Handwriting-Transformers icon indicating copy to clipboard operation
Handwriting-Transformers copied to clipboard

For other language's handwriting generation--how to properly fine-tune the model?

Open rainchamber opened this issue 2 years ago • 4 comments

@ankanbhunia

While you mention: "You can train the model in any custom dataset other than IAM and CVL. The process involves creating a dataset_name.pickle file and placing it inside files folder. The structure of dataset_name.pickle is a simple python dictionary."

I go through the codes and the way you suggest seems to retrain the model on another dataset from scratch rather than fine-tuning your model. As your paper has not yet much discussed this, I come to ask your opinion. If I want to apply the model to generate other language's handwritings e.g. Japanese, is there a way to quickly fine-tune your model upon a new Japanese handwriting data? Or do I need to retrain it from scratch?

rainchamber avatar Jan 30 '23 14:01 rainchamber

I haven't tried to fine-tune for a different language, so I can not tell for sure what may happen. However, here's what I think should happen:  For a different language, you need to change the OCR network's last layer accordingly. I think the knowledge of a fully trained OCR network is very specific to that language. As a result, I believe there is no benefit to using OCR weights from a different language. In other words, you may need to initialize the OCR weights randomly. You can, however, reuse the weights of the generator and the discriminator from IAM pretrained weights. This way, it can potentially reduce the overall training time. 
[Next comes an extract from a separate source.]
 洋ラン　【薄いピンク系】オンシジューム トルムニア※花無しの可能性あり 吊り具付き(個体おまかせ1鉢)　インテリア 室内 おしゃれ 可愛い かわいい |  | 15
If you proceed in this manner, you may encounter training instabilities though. To deal with this, you can pretrain the OCR separately before plugging it into the end-to-end training with the GAN. 

Having said that, I'd suggest retraining it from scratch. It will be more straightforward :).  

ankanbhunia avatar Jan 30 '23 16:01 ankanbhunia

@ankanbhunia Thanks for the reply!

Just a quick follow-up question: if I just tried to work on a historical English handwriting dataset (maybe extracted from historical handwriting script through old bibles), putting the OCR network issue aside, will you suggest training it from scratch or fine-tuning the model?

Thanks in advance for letting me know it! I'm trying to extend your cool paper to do some projects.

rainchamber avatar Jan 30 '23 19:01 rainchamber

In that case, I'd suggest to try first fine-tuning the model.

ankanbhunia avatar Jan 31 '23 16:01 ankanbhunia

Thanks!

rainchamber avatar Jan 31 '23 22:01 rainchamber